This isn’t a list of things you’ll need in your first cook or even items that will help any recipe easier to prepare. Rather, it’s a collection of la Cucina Italian’s beloved, well-worn, even-handed-down items, which can include even the most basic of tools. That isn’t to indicate that these ingredients can only be used in Italian dishes. In fact, their brilliance of them would be that they may be used for a variety of different jobs.
Any sophisticated culinary equipment I have is stored in a box in a friend’s basement which is on the other side of the world, having lived in a fairly nomadic condition for the better part of a decade. I have what I can roll up in dish towels and pack in a suitcase with me. It uses a lot of wooden implements, a Japanese knife, a circular pastry brush, and a Microplane grater, and is as reduced as you can get (Laurie Colwin, a proponent of simple kitchen equipment, would be proud). It now includes fluted pastry cutters purchased at an antique market, a small knife for cutting Parmesan cheese pieces, a hefty, flat meat pounder, and metal tubes for manufacturing cannoli purchased after a trip to Sicily.
When I went to Italy, I was introduced to a variety of instruments that I’d never possessed or used before, and some that I had no idea existed. I’ve grown attached to them now. Take, for example, my partner’s donna’s passaverdura, or food mill. It may appear quaint, but there’s nothing quite like it, owing to the way it separates “the wanted from the unwanted,” as Rachel Roddy, a British food writer based in Rome, puts it, and it’s unrivaled in this regard.
The food mill separates the undesired fish bones and other fragments from the juicy sweetness that is the remainder of the pulp and flavor in the ideal minestra di Pesce, or fish soup. While I believe it was created solely for the purpose of puréeing tomatoes for passata, I use it for everything from sauce to mashed potatoes (since Italian kitchens lack potato mashers) to fruits for jam.

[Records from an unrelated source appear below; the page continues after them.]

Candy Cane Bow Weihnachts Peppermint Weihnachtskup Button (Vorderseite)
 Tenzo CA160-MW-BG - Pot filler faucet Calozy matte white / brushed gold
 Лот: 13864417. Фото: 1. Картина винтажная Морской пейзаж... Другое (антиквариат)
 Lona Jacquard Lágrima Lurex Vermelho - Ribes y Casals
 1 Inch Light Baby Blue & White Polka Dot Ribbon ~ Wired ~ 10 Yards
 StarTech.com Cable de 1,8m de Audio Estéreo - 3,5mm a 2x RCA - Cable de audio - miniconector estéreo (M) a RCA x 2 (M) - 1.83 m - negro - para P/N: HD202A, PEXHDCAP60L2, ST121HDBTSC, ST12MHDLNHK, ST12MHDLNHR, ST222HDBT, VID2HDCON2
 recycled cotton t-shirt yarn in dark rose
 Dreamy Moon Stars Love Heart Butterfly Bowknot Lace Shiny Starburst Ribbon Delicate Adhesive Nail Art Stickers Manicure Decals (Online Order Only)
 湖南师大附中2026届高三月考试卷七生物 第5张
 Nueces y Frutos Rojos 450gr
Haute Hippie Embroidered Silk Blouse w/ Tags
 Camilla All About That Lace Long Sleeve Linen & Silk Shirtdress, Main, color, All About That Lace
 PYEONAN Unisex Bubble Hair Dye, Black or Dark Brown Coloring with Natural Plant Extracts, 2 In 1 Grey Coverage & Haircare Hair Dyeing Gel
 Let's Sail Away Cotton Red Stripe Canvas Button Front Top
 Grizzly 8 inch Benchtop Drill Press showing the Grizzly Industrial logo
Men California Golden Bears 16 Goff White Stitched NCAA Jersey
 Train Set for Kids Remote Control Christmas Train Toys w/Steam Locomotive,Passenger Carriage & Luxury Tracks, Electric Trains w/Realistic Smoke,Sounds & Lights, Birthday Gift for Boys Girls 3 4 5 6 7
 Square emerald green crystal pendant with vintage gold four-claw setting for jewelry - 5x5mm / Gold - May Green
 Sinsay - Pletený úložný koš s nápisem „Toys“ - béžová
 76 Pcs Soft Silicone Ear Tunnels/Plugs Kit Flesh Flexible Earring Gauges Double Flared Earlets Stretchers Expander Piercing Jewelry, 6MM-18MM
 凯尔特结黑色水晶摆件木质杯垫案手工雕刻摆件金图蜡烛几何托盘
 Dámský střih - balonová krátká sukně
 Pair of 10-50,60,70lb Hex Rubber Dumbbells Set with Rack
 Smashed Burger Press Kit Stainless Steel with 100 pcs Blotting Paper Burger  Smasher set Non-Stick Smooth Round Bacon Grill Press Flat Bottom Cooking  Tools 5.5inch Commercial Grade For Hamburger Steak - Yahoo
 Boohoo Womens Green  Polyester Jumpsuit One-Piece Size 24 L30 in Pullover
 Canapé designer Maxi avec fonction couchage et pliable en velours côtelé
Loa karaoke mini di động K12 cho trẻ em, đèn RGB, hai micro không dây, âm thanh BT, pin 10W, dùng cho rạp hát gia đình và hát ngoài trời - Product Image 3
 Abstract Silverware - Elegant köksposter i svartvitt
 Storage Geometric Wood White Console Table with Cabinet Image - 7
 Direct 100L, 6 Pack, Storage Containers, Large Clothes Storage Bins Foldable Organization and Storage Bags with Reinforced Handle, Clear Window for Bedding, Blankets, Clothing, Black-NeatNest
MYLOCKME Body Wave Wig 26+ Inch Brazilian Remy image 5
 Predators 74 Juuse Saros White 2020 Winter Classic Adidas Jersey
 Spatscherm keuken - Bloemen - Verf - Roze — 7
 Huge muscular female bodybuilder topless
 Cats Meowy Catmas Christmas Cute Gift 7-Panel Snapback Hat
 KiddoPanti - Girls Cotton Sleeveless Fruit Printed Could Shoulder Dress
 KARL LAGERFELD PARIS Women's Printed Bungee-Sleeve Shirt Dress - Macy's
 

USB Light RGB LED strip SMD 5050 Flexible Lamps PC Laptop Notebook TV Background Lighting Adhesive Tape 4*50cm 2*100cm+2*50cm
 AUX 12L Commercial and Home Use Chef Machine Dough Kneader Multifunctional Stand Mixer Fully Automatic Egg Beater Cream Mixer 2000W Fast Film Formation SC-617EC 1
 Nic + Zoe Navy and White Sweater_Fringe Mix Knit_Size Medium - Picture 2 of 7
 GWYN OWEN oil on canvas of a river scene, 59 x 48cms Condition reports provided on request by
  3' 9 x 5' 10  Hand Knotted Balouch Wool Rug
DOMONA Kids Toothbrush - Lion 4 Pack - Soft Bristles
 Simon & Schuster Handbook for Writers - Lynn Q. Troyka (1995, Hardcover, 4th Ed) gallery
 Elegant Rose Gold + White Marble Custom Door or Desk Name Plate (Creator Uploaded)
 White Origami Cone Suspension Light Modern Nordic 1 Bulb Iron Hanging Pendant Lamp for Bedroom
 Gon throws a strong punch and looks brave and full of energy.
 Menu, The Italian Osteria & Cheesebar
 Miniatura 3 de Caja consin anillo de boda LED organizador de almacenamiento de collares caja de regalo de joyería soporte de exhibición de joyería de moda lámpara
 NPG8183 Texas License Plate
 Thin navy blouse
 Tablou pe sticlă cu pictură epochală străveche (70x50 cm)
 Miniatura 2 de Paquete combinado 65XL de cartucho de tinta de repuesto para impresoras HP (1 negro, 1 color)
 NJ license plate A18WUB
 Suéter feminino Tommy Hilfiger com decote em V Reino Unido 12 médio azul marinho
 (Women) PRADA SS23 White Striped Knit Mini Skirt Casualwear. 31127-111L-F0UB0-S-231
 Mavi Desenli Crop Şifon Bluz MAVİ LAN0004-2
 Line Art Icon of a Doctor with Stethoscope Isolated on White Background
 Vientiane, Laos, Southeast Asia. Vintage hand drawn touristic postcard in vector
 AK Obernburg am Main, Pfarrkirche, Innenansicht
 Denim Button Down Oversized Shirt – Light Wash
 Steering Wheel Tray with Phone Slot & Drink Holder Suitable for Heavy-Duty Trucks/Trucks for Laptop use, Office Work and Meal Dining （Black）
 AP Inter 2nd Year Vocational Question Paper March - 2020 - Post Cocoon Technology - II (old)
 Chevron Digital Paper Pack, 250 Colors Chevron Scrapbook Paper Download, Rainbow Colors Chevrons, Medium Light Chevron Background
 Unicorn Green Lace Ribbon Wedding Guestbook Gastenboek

When I inquired around, I discovered that others had a lot of favorites as well. Elizabeth Minchilli, a gastronome and long-time Rome resident, reacted immediately: her mezzaluna, which she uses to precisely cut onions and herbs. Its “half-moon” shape makes it ideal for finely cutting just about anything; one of my friends uses it to make tabbouleh. It’s also fantastic in sauces. The mezzaluna, in my opinion, is an ancestor of the stick blender. If you need to create pesto or salsa green during a blackout, the mezzaluna (similar to a mortar and pestle) can suffice.
Valeria Necchio, a Venetian culinary writer, claims her favorite kitchen tool is a simple wooden spoon with a hole in it. I also have a fondness for wooden spoons, especially the flat, square ones, and have a collection of them in various sizes and forms. Valeria uses hers only for risotto stirring. (It’s also known as a girariso, or “rice rotator,” since the huge hole in the spoon allows the rice to easily flow through it in the reverse way that you drag the spoon in, improving the effectiveness of stirring and thereby assisting in the creation of creamy risotto.) It’s the logo for Maizena, a popular cornstarch brand in Italy, where it’s also the preferred device for folding airy mixtures (like sponge cake batter) and making pastry cream.